Tuesday, February 06, 2007

Worldbuilding and Art

Folks:

Lots of things going on this week! Here's a sample.

I'll probably be on a couple of program items at ConDor in San Diego in March

http://www.condorcon.org/html/mainmenu.html

about The Dresden Files and Buffy and Angel and other fantasy/horror/sf TV shows.

Oh, don't miss THE DRESDEN FILES -- hot stuff there. (it's world has vampires of a sort, and Dresden is a hunk with the Relationship potential of HIGHLANDER (the TV series, not the movie).)

While the programmer for ConDor was sending last minute panel ideas, I got an email from a reader of my review column.

He wrote concerning my column on String Theory (SF/Fantasy review column roves the known and unknown universe for topics). January 2007 starts a series of columns on The Soul/Time Hypothesis, a Kabbalah based concept deeply connected to the capacity to love.

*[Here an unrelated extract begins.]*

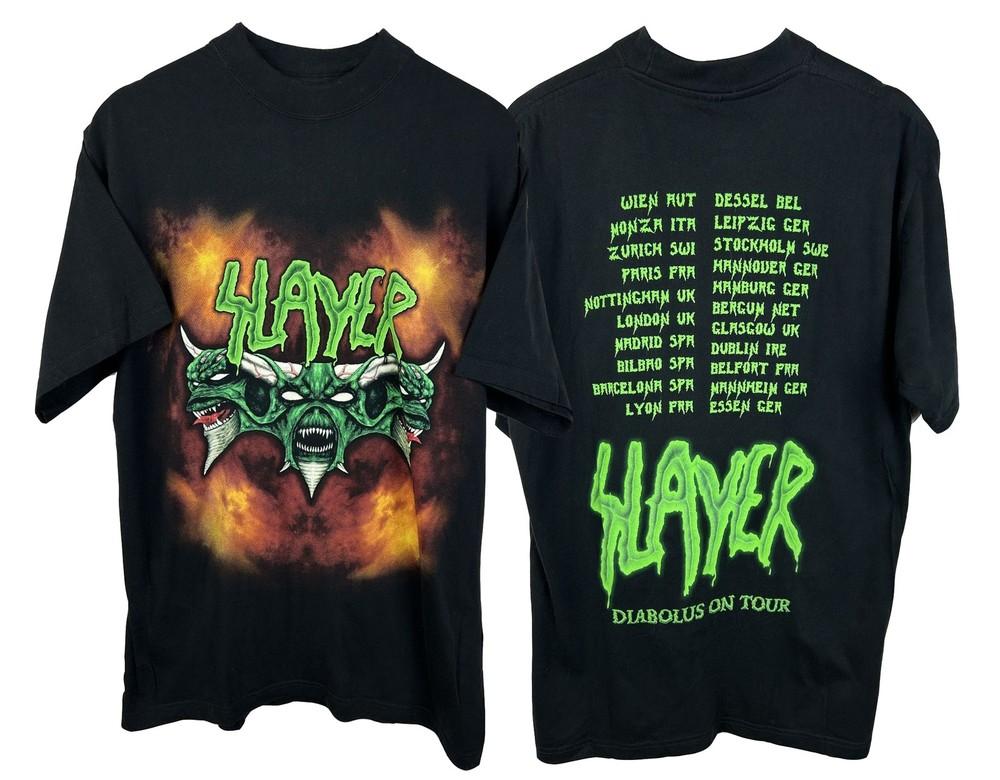 NEW Comfort Colors Slayer Diabolus On Tour 1999 European T-Shirt Size S-5XL Unisex T-Shirt Graphic Tee XXL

This writer refers to www.psychotronics.org as the place to find out more about his work. I haven't looked at it but he's been seeking scientific proof of estoeric theories so that website could be a wonderful worldbuilding jumping off point. He found my column in The Monthly Aspectarian.

Meanwhile, I got a note from Joan Slonczewski ( http://biology.kenyon.edu/slonc/slonc.htm ) that she'd just reread House of Zeor and found it had been an influence on some of her work when she'd read it years ago. Her comment is at
http://www.simegen.com/jl/influencedbyJL/

And also this last week I got 3 new stories from one of the Sime~Gen fan writers, D. Dabinett! They will be going up on the Companion In Zeor webzine site soon.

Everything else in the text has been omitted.